We each need people. I heard from a mother today who has an eight year old daughter. The daughter told her mom recently, “I need you mom so please don’t die.” The little girl had tears in her eyes as she spoke to her mom.

Certainly, she was concerned about losing her beloved mother. Children are astonishing sometimes and know well they need the nurturing and care of their mom’s and dad’s and people around them. 

In another instance, I saw today from my sunroom window a baby fawn near her mother in our backyard. Mother was cleaning her offspring. Then mama dear headed for the woods. There went the baby deer trailing off in the direction of mother dear almost in a panic not wanting to lose her food source and caring, protective parent.

Whether we want to admit to it or not, we need our family members and other people for our well-being and happiness. Even Henry David Thoreau had friends if only at times the animal and plant kingdoms. We befriend animals for a reason. They get attached to us usually when we feed and care for them. They depend on us and give to us much love in return.

Sometimes we may think of ourselves as islands, ‘oh I can go it alone.’ Soon to find out our computer or home water flow stops working. We become alarmed and remember we certainly need people.

I laugh at some world leaders who think they are independent of other countries. Only to recall how desperate and needy any country or group may become, desperate for help from neighbor people or countries in order to survive. It’s the way things work on earth.

Everything created coexists because of someone or something else. We are each creations in a larger system of life supporting other life.

Family members need other family members. At one point, oh maybe more than once, I wanted to disown my older brother and sister. I was ticked at them. My dad sat me down and we talked. By the time he was finished guiding me, I said you are right dad deep down I love my siblings so. However, there are times… Fortunately, I learned from those times I wanted to turn away from bigger brother and sister.

I did not shut them out of my heart though through it all. I always kept and keep loving them even in the hectic and high water times. I had come to know they were dear to me and I needed them for a deep reason. We had shared so much of life together. We deeply understood one another. We are connected psychically. 

With our siblings and other family members, we’ve closely shared the ups and downs of life, the scary moments and those joyous moments—maybe more similarities, shared experiences and commonalities than anyone else on earth.  

When I counsel people and they are at odds with some family member, I encourage them to make amends. Do not lose your love for them. They cannot be replaced. Forgive and seek to work at finding pieces within yourself you adore and feel so thankful because they have been and are a sacred part of your life. 

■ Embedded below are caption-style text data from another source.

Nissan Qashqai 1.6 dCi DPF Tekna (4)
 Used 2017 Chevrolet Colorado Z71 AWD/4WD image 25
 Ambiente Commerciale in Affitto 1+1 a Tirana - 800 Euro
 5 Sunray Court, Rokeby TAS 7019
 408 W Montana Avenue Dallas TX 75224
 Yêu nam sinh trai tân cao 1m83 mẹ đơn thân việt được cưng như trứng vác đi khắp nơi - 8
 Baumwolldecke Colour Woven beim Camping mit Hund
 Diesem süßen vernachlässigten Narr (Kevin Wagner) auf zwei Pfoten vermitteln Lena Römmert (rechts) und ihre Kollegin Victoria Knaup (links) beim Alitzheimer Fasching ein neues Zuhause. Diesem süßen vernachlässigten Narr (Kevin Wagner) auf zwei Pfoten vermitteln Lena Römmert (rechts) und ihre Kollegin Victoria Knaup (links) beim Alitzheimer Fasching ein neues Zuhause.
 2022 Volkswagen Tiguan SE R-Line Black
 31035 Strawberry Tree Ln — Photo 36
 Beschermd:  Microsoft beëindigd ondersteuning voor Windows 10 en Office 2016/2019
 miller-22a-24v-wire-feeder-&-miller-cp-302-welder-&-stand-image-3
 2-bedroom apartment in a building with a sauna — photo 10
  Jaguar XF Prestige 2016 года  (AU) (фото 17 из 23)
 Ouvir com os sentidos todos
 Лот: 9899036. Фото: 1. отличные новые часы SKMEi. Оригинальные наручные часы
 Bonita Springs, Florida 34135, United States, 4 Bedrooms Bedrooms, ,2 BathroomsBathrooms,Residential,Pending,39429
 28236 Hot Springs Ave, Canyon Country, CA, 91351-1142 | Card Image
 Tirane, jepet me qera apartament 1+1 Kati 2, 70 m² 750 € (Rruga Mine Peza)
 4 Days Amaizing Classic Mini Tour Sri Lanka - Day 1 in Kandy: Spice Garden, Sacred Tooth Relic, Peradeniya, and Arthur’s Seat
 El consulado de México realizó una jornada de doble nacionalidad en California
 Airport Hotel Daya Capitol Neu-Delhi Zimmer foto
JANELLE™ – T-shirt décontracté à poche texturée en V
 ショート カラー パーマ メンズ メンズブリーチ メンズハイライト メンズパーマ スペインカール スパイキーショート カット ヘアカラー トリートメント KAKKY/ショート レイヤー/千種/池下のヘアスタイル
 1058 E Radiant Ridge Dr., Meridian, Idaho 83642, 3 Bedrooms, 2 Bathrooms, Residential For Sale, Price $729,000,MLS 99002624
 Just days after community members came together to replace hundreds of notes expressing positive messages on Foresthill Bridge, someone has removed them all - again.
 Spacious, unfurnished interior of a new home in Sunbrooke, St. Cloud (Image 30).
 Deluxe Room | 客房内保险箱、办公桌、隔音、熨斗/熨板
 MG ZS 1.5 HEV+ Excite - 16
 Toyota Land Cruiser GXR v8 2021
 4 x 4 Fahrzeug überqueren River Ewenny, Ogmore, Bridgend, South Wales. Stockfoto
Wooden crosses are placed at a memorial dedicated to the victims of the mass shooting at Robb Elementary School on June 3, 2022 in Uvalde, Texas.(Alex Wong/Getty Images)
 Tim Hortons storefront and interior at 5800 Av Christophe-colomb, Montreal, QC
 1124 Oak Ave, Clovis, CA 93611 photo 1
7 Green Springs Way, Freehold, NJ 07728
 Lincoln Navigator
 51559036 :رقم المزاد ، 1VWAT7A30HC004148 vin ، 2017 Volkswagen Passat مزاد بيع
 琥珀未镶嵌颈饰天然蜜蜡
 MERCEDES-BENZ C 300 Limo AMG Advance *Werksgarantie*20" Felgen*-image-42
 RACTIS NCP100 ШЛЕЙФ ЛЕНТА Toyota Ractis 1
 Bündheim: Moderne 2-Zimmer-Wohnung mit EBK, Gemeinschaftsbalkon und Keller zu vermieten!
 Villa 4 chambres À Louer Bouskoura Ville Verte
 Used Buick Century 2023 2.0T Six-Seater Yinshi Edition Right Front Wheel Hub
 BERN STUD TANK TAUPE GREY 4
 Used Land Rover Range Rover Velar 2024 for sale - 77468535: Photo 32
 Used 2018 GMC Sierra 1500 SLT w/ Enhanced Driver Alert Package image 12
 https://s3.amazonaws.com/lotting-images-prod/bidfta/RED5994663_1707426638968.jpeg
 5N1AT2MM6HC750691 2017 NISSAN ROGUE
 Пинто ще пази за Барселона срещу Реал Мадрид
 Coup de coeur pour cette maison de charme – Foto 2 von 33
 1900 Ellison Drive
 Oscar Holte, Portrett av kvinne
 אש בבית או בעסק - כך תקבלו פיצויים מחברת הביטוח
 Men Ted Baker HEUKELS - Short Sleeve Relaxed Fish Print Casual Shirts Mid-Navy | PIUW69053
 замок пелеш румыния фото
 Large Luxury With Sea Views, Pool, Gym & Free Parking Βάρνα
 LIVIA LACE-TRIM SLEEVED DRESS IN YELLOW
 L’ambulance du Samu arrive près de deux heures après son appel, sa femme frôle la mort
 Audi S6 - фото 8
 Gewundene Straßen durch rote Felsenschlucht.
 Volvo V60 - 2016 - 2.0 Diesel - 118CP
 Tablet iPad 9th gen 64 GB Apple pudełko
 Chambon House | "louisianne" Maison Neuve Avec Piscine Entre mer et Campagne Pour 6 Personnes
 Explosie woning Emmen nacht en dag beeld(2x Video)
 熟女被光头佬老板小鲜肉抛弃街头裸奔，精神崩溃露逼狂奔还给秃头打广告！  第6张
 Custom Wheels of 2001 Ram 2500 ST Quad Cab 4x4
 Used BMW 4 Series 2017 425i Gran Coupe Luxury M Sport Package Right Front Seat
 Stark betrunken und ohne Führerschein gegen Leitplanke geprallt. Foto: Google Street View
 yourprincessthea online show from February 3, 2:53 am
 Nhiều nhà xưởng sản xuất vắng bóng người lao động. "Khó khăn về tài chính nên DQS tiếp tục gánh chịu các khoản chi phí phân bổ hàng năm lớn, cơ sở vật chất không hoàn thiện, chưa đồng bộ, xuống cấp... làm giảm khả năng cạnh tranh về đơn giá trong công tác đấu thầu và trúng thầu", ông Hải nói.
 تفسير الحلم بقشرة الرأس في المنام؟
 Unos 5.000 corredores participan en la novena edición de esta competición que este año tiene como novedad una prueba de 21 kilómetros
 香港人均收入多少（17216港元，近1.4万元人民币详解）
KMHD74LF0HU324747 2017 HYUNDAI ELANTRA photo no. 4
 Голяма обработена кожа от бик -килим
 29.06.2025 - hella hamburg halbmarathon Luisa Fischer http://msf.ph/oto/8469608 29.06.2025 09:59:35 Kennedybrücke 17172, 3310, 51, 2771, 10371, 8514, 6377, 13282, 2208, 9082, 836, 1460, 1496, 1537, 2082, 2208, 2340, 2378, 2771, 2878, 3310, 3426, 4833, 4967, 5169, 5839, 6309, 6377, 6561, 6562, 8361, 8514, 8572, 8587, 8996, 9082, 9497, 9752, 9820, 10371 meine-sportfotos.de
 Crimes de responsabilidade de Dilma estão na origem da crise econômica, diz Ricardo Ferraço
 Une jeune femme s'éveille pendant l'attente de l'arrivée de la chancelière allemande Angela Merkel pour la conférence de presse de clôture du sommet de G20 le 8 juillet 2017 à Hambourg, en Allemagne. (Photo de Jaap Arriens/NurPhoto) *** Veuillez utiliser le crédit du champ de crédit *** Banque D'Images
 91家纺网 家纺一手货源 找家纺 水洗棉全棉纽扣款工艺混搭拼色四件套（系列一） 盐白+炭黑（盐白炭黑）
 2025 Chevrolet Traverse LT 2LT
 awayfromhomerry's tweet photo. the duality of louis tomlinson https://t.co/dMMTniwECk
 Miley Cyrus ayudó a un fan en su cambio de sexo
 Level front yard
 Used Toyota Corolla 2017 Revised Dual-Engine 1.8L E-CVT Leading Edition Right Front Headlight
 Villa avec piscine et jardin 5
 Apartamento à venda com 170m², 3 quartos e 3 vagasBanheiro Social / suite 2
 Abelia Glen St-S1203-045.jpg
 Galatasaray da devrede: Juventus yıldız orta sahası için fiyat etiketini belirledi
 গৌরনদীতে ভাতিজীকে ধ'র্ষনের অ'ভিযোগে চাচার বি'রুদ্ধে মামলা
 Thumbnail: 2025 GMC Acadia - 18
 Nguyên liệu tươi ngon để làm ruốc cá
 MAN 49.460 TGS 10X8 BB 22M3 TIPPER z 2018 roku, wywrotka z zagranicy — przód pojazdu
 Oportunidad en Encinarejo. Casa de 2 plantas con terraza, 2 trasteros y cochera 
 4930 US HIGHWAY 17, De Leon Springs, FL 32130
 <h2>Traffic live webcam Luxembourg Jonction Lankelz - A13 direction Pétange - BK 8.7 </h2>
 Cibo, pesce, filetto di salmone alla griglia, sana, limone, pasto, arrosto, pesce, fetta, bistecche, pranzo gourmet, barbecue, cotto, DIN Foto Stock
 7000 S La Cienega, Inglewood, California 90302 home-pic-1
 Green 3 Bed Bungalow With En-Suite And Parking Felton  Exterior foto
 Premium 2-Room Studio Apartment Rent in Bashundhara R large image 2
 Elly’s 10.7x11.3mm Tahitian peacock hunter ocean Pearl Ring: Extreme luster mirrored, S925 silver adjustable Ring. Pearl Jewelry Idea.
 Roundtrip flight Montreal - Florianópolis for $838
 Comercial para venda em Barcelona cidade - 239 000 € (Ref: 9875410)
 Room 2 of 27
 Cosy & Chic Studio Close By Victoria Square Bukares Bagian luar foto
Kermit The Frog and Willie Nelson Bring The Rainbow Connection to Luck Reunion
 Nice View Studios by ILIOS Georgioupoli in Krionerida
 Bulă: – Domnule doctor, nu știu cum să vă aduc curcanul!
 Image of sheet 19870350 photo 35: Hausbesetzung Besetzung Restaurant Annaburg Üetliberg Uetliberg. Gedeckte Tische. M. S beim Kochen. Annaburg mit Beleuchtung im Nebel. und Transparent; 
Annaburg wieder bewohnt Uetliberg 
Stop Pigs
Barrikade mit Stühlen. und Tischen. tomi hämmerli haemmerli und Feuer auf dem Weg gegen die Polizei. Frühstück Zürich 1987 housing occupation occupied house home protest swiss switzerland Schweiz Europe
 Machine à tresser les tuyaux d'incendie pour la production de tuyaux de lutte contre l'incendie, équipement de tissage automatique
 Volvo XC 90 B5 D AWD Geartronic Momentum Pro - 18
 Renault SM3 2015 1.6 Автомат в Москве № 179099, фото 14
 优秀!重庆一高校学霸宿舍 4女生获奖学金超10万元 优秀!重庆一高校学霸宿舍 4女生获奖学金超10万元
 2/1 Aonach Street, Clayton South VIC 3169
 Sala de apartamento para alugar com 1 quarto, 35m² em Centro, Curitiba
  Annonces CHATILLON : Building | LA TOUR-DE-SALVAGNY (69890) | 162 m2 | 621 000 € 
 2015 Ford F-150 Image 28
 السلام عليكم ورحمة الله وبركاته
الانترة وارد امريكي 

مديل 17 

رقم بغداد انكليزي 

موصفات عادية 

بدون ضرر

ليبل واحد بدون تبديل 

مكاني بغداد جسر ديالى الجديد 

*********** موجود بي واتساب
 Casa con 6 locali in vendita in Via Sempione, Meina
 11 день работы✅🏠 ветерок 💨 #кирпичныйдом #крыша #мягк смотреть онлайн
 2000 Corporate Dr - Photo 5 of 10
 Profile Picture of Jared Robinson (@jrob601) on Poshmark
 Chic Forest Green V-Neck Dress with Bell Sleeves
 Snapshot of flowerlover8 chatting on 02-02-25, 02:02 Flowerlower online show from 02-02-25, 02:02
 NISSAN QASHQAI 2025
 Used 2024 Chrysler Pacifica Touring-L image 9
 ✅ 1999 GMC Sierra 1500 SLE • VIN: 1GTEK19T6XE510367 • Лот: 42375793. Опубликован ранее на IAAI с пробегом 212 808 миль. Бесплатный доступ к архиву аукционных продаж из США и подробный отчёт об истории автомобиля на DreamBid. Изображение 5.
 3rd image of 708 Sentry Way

Having said that, I do realize how challenging family members can be. My sister got addicted to drugs. My brother was a know-it-all, an authoritarian and became the top dog whenever father and mother were not around. My mother would get moody and dad got anger spells. Family members can challenge us so. However, underneath all that there is love—pure, bonding and untainted.

Find this kind of love within yourself nestled inside in your connection with God in prayer, in your feelings, deep thoughts, reflections, contemplations and meditations. It’s worth it; gives us peace within ourselves.  We want to remember love and not forsake it. It is the greatest healer and attracter of good for us as individuals, helping all others restore also.